Para o economista, se essa mesma impopularidade se repetir no Brasil, isso poderia paralisar outras mudanças, uma vez que as outras medidas ainda não foram sequer apresentadas à população.

“Nesse modelo proposto de reforma, o governo federal vai na frente, não resolve um problema subnacional [do ICMS], que no caso brasileiro é o maior, e ainda pode deixar com que outros grandes problemas fiquem pendentes porque se criou uma insatisfação popular, que vai gerar resistência para a continuidade da reforma, principalmente se ela não tiver sido legislada ainda”, avalia.

A reforma tributária ideal ainda é possível?
Há pelo menos três décadas o Brasil discute a necessidade de fazer uma ampla reforma tributária, que tenha como pilares principais assegurar uma maior segurança jurídica, garantir a justiça fiscal, simplificar procedimentos e fiscalização, racionalizar processos e não aumentar nem diminuir cargas tributárias. Para tentar alcançar algum desses objetivos, as instituições agora apostam na reforma por etapas.

Para Matheus Bueno, sócio do Bueno & Casto Tax Lawyers, a estratégia negociada pelo governo e Congresso também tem seus dilemas. “O problema de fatiar é discutir e parar no meio, mas o problema de fazer uma abrangente é nunca entregar nada”, diz, acrescentando que “ajustar o PIS e Cofins tira a insegurança jurídica em cima desses tributos, o que já é um avanço”.

Breno Vasconcelos, do Mannrich e Vasconcelos Advogados, destaca que mesmo com as modificações propostas pela CBS e no IR, o Brasil perdeu uma janela de oportunidade importante nos últimos anos para promover uma ampla reforma tributária.

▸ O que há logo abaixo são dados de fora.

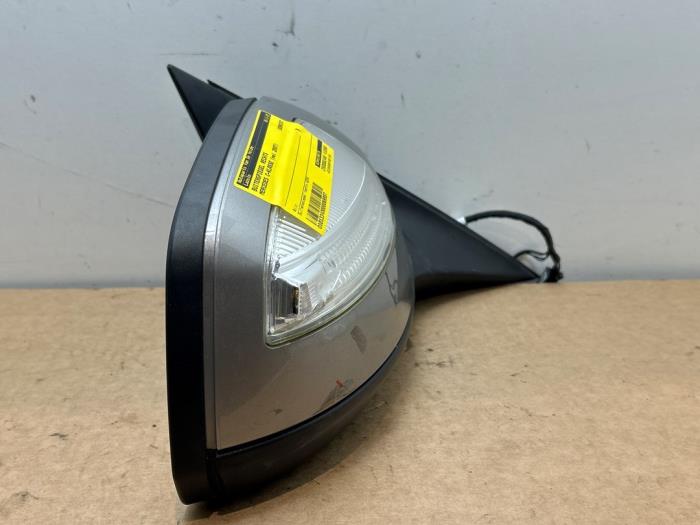 Buitenspiegel rechts Mercedes C-Klasse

“Nós tínhamos um presidente da Câmara dos Deputados [Rodrigo Maia] alinhado à ideia da reforma tributária ampla, tínhamos também os 26 estados mais o Distrito Federal assinando manifesto favorável à reforma ampla e tínhamos um relator que fez um trabalho ótimo. Mas nós perdemos essa janela de oportunidade por uma questão de protagonismo e vaidade política”, avalia.

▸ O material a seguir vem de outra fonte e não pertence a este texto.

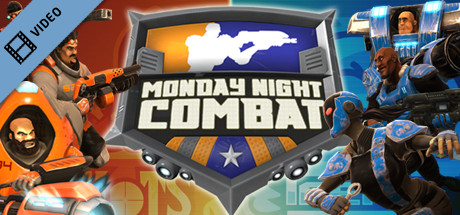 Monday Night Combat Crossfire Trailer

Na visão de Ana Cristina Mazzaferro, sócia no Rayes e Fagundes Advogados Associados, o andamento que tem sido dado à reforma tributária pode acabar perdendo de vista um dos maiores objetivos das mudanças: criar um sistema mais justo.

“Além de todas as questões envolvendo complexidade e simplificação, era preciso incorporar as atualidades tributárias, e isso precisa ser melhor disciplinado, como tributações sobre eletrônicos e, principalmente, uma reforma tributária verde, trazendo incentivos para a redução da emissão de carbono. Isso tudo é muito atual, mas não está tão na pauta”, pontua.